## REQUIRED ACTION
Would you repeat exactly the part of the listing below that runs from the line containing "Izzy Leather Pumps" down to the line containing "1970-71 Topps Card", inclusive, and nothing else?

## DATA RECORDS
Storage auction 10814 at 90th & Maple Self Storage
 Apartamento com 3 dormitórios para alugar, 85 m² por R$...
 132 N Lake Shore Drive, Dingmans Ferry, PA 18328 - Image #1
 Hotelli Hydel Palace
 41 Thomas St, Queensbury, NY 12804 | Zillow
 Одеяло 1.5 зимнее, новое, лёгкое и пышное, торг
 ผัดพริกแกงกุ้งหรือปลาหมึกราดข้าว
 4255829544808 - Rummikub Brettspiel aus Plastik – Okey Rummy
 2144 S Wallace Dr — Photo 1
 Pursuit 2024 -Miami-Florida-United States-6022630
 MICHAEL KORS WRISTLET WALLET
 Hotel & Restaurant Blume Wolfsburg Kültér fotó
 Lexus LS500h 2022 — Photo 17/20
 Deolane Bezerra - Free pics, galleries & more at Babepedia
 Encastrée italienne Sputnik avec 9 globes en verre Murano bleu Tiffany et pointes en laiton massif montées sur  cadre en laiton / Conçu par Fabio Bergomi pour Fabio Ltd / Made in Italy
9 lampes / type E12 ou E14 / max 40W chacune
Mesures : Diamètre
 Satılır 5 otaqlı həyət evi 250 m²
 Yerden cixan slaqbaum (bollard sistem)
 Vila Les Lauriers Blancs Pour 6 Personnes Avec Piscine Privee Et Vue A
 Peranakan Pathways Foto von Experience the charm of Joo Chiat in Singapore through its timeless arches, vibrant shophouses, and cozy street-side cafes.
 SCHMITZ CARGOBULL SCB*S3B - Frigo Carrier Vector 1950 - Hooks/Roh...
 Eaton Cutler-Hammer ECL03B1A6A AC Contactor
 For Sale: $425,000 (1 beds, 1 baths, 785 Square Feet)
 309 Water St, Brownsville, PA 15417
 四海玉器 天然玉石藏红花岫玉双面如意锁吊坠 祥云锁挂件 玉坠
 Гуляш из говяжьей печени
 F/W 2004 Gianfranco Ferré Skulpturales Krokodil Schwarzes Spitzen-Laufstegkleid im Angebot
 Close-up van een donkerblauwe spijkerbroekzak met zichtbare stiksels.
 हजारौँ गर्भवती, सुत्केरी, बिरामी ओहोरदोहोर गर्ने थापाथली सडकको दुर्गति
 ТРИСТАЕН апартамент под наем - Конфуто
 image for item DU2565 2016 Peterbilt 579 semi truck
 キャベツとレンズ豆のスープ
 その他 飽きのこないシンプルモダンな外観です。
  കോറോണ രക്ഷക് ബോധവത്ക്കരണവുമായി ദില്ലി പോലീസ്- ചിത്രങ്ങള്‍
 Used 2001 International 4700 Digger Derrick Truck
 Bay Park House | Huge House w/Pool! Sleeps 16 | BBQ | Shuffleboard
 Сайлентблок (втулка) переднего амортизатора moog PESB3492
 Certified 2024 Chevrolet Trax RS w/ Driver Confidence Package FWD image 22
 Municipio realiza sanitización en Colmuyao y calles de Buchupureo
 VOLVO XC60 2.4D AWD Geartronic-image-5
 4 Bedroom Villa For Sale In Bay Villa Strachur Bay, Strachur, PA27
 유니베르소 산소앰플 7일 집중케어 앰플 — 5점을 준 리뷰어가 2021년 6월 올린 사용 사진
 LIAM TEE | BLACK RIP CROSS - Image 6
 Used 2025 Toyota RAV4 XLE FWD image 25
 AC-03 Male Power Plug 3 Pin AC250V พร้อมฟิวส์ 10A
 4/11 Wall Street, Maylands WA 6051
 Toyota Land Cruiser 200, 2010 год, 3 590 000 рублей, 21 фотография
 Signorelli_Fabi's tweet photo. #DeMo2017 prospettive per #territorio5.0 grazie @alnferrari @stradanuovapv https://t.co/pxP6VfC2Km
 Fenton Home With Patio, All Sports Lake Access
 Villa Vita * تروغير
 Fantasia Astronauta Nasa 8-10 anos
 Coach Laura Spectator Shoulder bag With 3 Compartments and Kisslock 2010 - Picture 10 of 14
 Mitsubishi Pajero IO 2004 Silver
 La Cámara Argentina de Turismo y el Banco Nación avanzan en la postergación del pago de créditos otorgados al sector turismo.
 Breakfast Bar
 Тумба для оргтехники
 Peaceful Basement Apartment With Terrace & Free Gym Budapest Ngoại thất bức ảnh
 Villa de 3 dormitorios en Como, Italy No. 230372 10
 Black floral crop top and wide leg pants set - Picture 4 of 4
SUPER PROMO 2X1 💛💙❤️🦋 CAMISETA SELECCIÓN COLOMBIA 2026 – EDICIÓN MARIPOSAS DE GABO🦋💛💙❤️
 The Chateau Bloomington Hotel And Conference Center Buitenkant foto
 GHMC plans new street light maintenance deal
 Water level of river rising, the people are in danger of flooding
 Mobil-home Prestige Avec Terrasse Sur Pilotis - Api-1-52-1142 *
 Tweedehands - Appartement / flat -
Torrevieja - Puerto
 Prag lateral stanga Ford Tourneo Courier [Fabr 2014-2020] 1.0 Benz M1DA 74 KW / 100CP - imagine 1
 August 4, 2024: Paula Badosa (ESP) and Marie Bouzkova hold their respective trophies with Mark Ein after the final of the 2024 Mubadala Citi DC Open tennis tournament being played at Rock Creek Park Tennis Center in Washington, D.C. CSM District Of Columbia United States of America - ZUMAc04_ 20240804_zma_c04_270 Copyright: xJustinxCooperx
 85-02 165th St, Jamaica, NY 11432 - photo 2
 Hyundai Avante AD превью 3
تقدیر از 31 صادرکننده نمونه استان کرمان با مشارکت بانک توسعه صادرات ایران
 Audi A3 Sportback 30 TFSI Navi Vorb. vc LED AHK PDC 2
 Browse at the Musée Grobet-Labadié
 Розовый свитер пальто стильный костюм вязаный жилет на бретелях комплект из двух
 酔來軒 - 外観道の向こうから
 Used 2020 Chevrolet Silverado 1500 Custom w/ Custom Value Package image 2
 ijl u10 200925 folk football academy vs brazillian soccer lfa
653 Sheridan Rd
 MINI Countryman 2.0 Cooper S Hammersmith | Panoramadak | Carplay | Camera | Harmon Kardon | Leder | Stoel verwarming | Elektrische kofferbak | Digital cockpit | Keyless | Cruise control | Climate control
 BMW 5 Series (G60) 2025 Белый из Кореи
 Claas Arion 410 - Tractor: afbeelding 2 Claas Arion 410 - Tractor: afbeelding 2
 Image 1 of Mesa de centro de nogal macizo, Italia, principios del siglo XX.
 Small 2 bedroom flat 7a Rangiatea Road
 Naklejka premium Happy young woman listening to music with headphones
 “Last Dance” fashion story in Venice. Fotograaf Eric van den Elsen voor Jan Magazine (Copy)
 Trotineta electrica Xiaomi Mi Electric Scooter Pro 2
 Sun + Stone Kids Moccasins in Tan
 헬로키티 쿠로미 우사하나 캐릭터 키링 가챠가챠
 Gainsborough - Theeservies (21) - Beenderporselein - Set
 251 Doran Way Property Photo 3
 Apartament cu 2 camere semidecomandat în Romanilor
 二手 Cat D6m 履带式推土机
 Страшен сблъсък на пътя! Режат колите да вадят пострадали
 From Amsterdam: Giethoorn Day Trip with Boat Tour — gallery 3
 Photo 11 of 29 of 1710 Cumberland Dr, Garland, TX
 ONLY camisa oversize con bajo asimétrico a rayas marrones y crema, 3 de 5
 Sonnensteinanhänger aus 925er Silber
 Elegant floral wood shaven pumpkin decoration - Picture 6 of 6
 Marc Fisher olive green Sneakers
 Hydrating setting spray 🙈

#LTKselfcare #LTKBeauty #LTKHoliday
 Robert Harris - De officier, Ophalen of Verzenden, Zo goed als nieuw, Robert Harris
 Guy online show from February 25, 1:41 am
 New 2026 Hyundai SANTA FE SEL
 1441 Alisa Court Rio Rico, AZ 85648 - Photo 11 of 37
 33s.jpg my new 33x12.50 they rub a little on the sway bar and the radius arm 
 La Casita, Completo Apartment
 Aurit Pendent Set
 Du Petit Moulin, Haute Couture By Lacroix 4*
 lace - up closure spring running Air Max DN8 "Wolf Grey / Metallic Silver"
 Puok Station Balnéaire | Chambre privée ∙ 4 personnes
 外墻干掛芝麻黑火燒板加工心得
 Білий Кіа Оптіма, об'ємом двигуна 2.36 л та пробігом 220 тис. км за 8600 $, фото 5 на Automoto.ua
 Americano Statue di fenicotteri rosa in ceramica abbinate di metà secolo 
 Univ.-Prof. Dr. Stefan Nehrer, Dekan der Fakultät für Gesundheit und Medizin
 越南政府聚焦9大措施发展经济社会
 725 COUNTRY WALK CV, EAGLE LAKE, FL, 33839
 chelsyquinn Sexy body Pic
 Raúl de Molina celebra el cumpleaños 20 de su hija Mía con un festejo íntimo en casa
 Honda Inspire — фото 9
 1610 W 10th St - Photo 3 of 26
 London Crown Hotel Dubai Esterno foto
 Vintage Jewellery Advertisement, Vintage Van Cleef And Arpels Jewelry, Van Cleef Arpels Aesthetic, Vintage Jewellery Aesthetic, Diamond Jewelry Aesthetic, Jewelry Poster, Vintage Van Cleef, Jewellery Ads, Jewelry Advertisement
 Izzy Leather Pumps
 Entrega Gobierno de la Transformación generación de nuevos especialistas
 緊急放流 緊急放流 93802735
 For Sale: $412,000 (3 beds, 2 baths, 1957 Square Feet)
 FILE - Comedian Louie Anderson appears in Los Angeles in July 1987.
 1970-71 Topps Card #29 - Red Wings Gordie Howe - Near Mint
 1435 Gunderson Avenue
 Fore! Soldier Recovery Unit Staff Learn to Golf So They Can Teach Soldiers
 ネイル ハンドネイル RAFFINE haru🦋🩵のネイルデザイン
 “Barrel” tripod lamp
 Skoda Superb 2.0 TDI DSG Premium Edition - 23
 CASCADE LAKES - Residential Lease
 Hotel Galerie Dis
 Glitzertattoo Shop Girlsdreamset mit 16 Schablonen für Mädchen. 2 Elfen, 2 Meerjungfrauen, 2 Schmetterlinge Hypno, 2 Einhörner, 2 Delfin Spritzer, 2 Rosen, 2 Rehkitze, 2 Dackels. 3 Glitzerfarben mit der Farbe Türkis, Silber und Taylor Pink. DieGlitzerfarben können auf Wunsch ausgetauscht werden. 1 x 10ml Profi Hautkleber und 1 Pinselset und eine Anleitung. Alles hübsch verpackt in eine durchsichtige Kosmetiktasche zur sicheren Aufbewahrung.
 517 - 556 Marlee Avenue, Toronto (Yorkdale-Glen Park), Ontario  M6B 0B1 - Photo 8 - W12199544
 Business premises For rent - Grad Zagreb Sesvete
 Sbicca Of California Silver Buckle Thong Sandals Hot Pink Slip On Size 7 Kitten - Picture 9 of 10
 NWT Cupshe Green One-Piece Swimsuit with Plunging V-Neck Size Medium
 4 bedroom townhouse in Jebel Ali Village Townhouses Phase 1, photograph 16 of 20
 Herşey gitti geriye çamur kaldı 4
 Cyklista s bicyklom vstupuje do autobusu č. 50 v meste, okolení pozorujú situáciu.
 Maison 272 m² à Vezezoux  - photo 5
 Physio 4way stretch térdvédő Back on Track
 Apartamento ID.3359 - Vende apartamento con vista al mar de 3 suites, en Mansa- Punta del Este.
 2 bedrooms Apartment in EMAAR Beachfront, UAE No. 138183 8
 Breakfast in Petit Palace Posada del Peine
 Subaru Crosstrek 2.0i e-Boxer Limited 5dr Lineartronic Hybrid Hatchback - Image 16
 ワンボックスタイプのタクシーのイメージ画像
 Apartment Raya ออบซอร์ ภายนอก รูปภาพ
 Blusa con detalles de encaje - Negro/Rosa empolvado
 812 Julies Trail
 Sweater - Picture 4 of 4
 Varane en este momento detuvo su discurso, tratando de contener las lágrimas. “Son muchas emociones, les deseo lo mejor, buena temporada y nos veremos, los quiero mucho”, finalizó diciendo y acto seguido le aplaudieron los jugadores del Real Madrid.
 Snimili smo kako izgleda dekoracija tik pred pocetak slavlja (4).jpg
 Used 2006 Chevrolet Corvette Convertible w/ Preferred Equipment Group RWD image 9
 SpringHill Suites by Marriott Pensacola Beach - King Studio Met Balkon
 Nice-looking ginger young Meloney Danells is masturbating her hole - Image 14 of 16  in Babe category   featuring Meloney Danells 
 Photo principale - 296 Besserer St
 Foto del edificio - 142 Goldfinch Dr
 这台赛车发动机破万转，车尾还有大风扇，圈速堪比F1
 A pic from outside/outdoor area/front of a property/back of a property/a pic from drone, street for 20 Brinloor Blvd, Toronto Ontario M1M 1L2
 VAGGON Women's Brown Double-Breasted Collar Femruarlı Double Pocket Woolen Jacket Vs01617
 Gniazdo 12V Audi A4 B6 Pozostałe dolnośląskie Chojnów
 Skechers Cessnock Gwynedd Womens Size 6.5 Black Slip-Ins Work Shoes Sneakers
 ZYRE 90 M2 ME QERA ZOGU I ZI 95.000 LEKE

## EXERCISE ANSWER
 Izzy Leather Pumps
 Entrega Gobierno de la Transformación generación de nuevos especialistas
 緊急放流 緊急放流 93802735
 For Sale: $412,000 (3 beds, 2 baths, 1957 Square Feet)
 FILE - Comedian Louie Anderson appears in Los Angeles in July 1987.
 1970-71 Topps Card #29 - Red Wings Gordie Howe - Near Mint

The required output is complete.